(Items listed in a dataset)
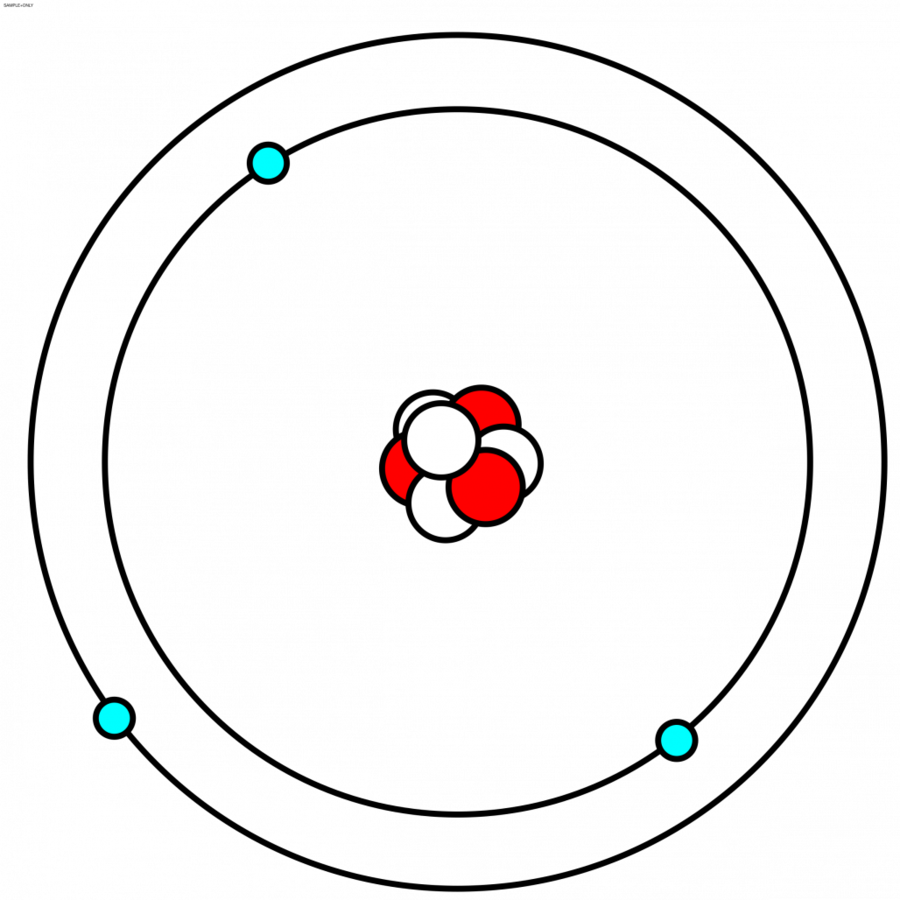 Atomo De Litio Clipart Bohr Model Lithium Atom Wiring - Atomo De Litio Clipart Bohr Model Lithium Atom Wiring (900x900)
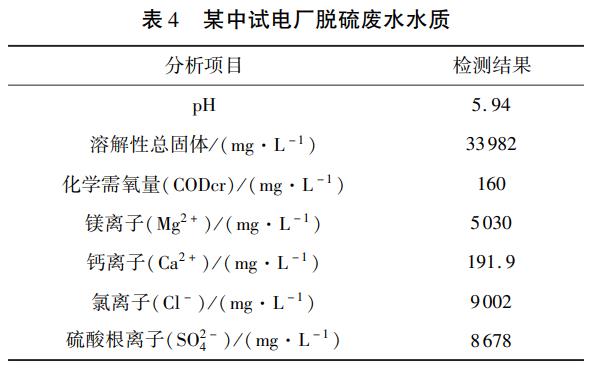 污水处理设备__全康环保QKEP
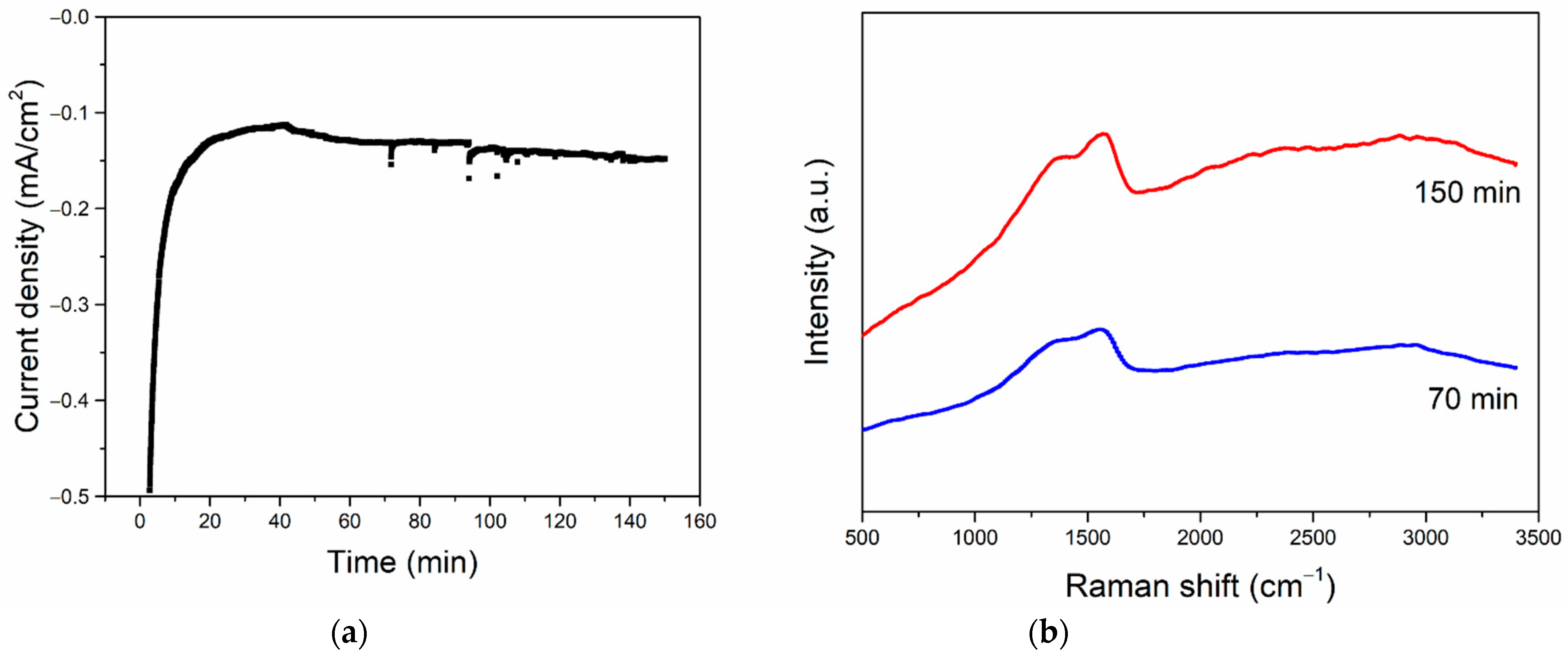 Nanomaterials 12 03389 g009 Nanomaterials 12 03389 g009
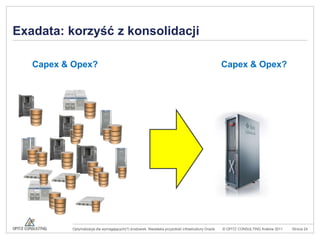 4 x 96 GB Flash Cards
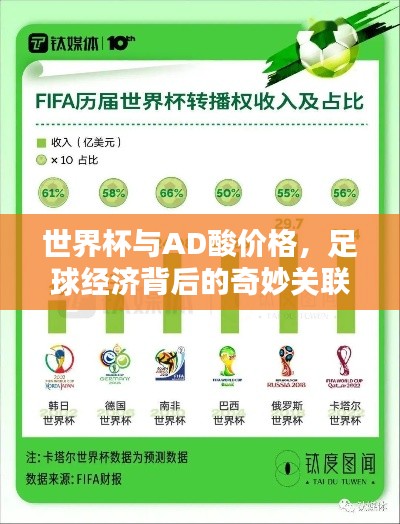 世界杯与AD酸价格,足球经济背后的奇妙关联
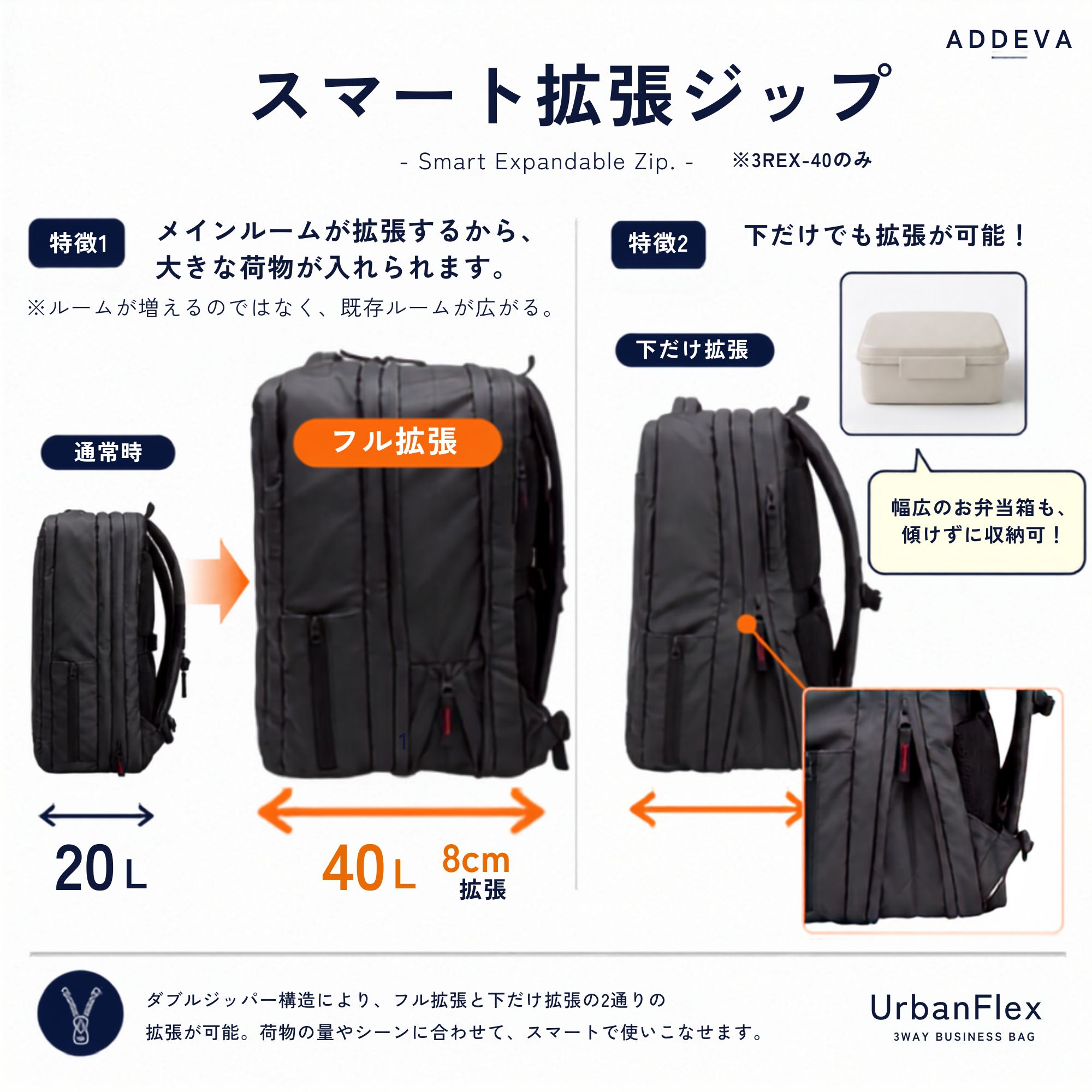 “Smart Expandable Zip” スマートエキスパンダブルジッパー付きビジネスリュック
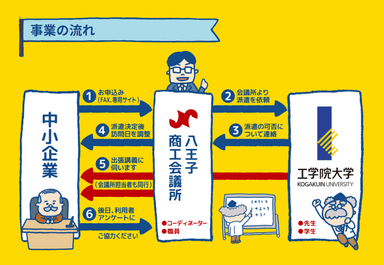 「出前研究室」事業の流れ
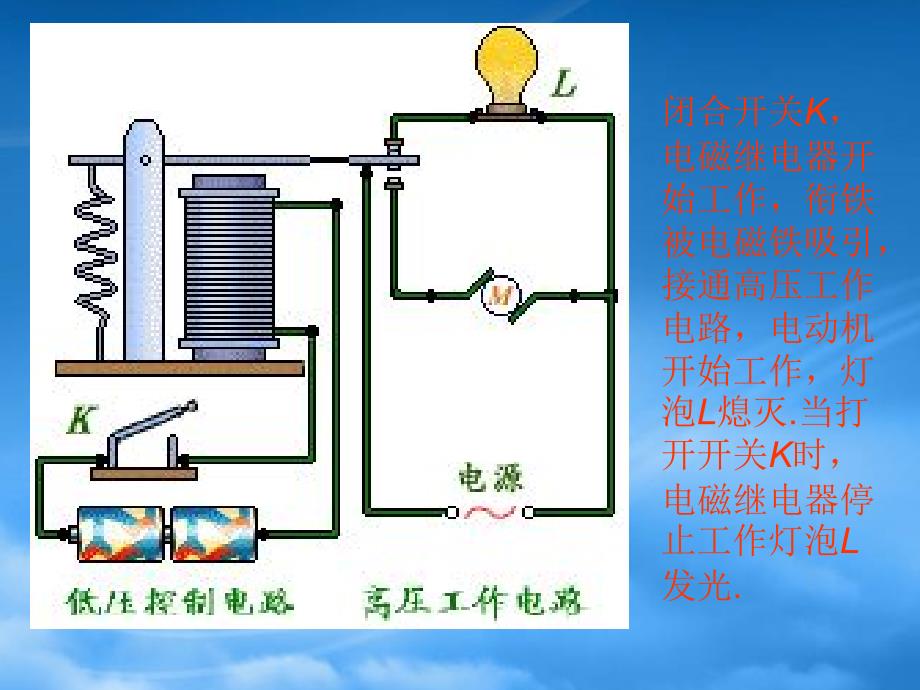 九级物理下册8.2电磁继电器课件教科_第3页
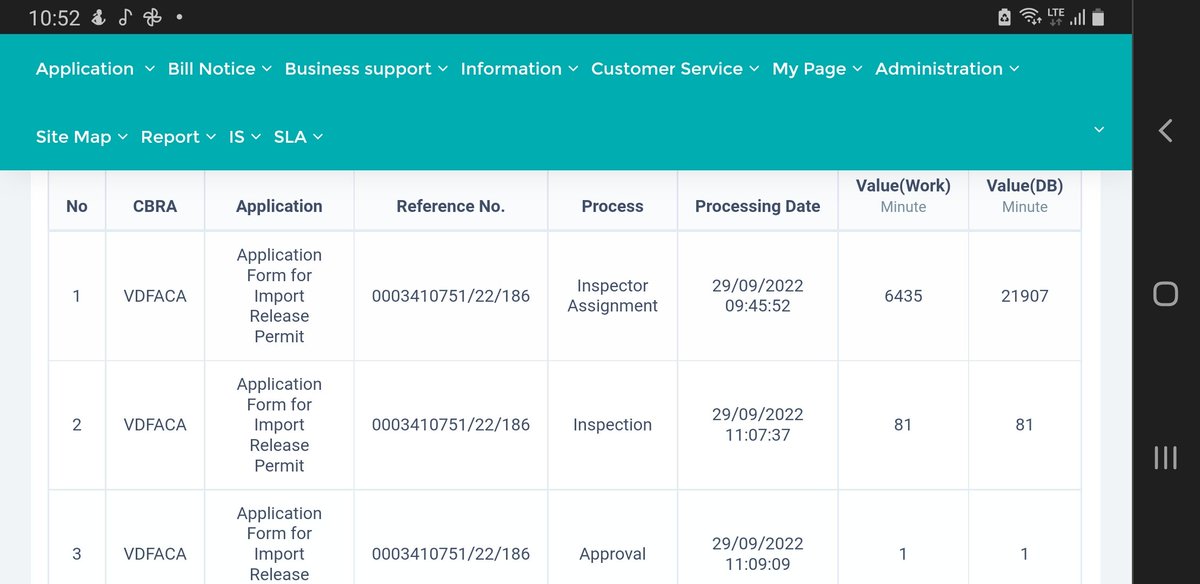 ethSingleWindow's tweet photo. To materiaize this, our office #EeSW is making ready a Service Level Agreement system which facilitates time based service issuance. #SLA #tradefacilitation https://t.co/IHI9jInjmg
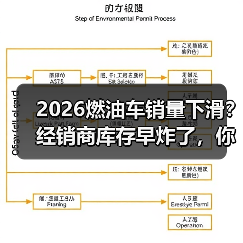 2026燃油车销量下滑？经销商库存早炸了，你还蒙在鼓里（图4）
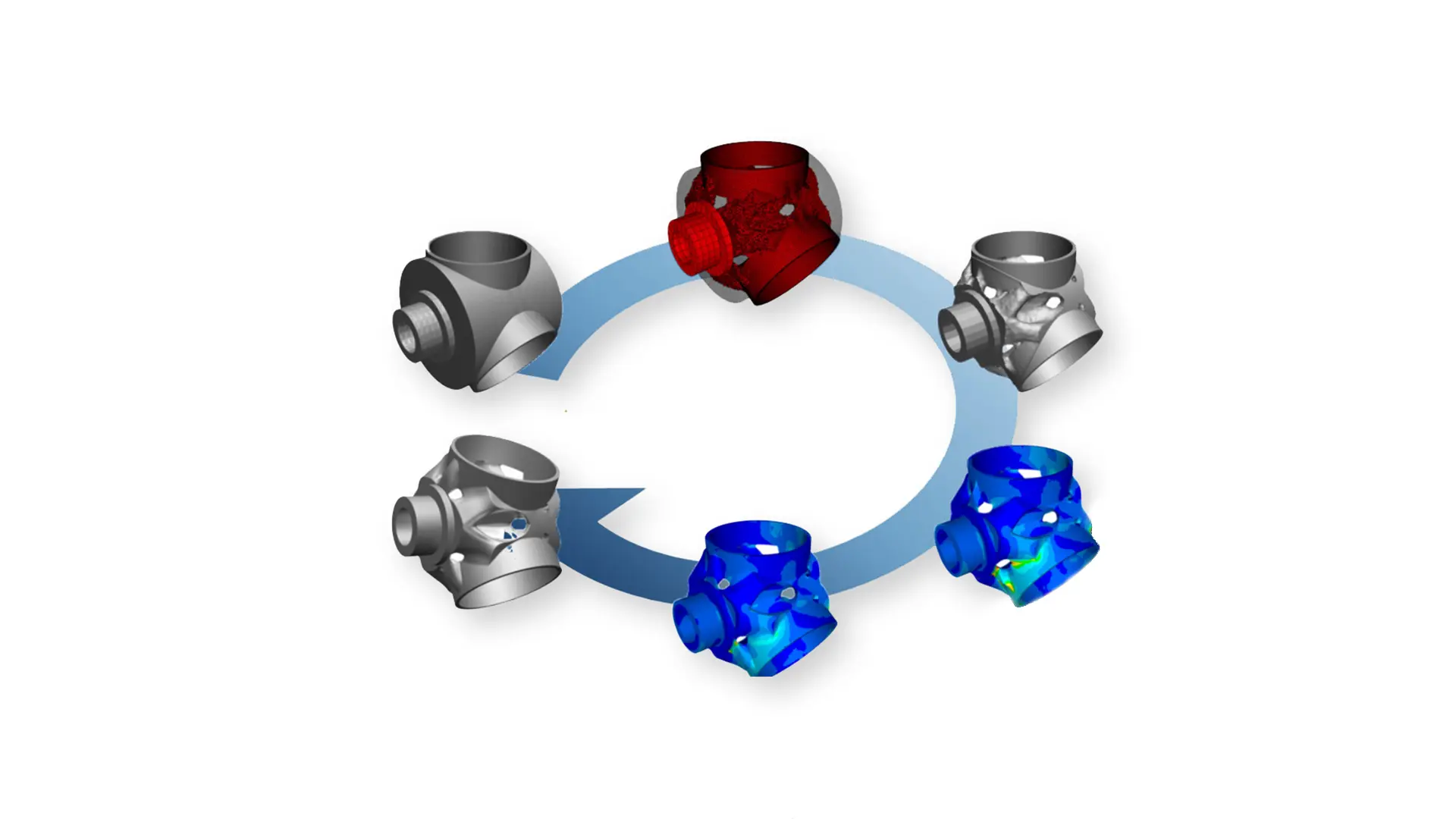 TOSCA Structural Simulation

## Exercise brief
The first line of the entries, the line containing "九级物理下册8.2电磁继电器课件教科_第3页", and every line between them are to be output exactly; pictures are not.

## Answer to this exercise
 Atomo De Litio Clipart Bohr Model Lithium Atom Wiring - Atomo De Litio Clipart Bohr Model Lithium Atom Wiring (900x900)
 污水处理设备__全康环保QKEP
 Nanomaterials 12 03389 g009 Nanomaterials 12 03389 g009
 4 x 96 GB Flash Cards
 世界杯与AD酸价格,足球经济背后的奇妙关联
 “Smart Expandable Zip” スマートエキスパンダブルジッパー付きビジネスリュック
 「出前研究室」事業の流れ
 九级物理下册8.2电磁继电器课件教科_第3页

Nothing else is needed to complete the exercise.